## Exercise
Where the string "Picture" occurs in a line of the data below, that line should be copied.

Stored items
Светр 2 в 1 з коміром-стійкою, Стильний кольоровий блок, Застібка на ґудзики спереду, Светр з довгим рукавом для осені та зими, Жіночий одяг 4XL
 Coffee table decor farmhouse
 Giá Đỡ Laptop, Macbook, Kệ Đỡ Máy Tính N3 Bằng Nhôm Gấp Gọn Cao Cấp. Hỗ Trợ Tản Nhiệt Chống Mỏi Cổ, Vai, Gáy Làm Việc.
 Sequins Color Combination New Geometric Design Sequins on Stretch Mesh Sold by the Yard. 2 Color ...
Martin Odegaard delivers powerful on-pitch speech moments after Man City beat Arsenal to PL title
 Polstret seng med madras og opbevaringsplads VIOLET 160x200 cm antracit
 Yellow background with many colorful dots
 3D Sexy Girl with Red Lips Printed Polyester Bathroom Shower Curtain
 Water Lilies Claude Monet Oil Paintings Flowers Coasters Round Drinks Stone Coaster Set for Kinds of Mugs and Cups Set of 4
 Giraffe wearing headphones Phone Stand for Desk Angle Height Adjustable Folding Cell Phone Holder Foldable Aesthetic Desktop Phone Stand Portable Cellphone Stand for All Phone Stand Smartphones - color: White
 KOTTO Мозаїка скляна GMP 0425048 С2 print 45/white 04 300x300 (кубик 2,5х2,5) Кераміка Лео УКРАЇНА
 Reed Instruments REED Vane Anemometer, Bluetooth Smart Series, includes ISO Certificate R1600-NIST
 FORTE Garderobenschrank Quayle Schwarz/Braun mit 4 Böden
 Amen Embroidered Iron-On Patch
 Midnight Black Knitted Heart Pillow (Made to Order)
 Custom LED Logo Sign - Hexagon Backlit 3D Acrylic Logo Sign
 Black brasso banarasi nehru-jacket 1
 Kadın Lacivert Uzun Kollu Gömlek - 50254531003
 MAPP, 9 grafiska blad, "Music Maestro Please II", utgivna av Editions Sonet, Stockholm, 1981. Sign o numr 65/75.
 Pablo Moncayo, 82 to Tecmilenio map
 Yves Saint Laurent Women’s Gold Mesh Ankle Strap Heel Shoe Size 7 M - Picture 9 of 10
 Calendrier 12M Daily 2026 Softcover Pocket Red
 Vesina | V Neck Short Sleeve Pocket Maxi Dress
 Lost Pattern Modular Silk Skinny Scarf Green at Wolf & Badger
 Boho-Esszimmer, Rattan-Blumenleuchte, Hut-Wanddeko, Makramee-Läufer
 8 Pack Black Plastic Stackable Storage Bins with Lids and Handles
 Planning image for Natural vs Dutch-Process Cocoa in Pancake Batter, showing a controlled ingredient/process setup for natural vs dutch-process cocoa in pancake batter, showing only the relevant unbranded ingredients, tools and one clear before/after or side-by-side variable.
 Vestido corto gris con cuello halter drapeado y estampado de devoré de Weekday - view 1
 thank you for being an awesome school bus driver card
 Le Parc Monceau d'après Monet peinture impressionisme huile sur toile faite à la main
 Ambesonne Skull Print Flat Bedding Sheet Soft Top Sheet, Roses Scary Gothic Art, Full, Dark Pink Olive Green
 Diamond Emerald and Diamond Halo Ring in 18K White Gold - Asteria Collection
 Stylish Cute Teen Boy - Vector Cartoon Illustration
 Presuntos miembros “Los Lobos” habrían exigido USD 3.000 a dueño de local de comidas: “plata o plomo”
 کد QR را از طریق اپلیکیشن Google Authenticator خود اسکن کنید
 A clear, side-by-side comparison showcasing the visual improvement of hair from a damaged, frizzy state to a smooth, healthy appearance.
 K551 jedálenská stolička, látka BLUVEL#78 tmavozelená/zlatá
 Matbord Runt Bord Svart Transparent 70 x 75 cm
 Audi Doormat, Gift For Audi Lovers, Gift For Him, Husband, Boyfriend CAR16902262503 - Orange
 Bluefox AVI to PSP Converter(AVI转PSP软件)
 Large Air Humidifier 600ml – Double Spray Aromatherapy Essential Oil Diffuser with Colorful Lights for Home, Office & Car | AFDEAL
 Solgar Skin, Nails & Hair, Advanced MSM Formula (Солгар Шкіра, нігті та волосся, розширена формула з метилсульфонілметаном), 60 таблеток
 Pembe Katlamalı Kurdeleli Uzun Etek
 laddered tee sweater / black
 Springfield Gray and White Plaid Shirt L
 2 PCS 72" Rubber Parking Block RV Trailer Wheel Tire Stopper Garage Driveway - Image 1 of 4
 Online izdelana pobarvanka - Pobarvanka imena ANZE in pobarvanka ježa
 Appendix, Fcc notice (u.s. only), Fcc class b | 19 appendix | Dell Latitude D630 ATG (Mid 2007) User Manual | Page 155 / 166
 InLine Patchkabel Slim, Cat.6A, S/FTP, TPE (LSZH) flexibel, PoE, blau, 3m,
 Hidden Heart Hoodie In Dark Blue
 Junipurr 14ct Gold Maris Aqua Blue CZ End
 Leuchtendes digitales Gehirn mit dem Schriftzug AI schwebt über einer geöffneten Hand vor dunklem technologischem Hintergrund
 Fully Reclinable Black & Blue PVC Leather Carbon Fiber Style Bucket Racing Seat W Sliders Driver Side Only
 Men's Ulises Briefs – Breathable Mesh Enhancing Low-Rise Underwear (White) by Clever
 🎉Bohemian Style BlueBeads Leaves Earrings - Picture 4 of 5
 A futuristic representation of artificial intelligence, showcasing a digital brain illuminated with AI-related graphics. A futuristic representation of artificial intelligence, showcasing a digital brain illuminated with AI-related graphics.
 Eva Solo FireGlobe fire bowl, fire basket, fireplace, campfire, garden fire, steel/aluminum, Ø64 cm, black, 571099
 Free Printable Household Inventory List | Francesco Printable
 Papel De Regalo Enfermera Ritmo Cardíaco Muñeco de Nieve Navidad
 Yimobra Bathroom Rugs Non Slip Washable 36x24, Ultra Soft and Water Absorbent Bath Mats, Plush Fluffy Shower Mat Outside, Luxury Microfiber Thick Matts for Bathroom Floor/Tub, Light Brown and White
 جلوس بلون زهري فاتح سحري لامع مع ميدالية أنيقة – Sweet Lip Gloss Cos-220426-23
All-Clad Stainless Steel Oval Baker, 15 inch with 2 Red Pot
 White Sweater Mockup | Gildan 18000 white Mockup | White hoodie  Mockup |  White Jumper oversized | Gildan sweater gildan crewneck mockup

## Response to the exercise
 Yves Saint Laurent Women’s Gold Mesh Ankle Strap Heel Shoe Size 7 M - Picture 9 of 10
 🎉Bohemian Style BlueBeads Leaves Earrings - Picture 4 of 5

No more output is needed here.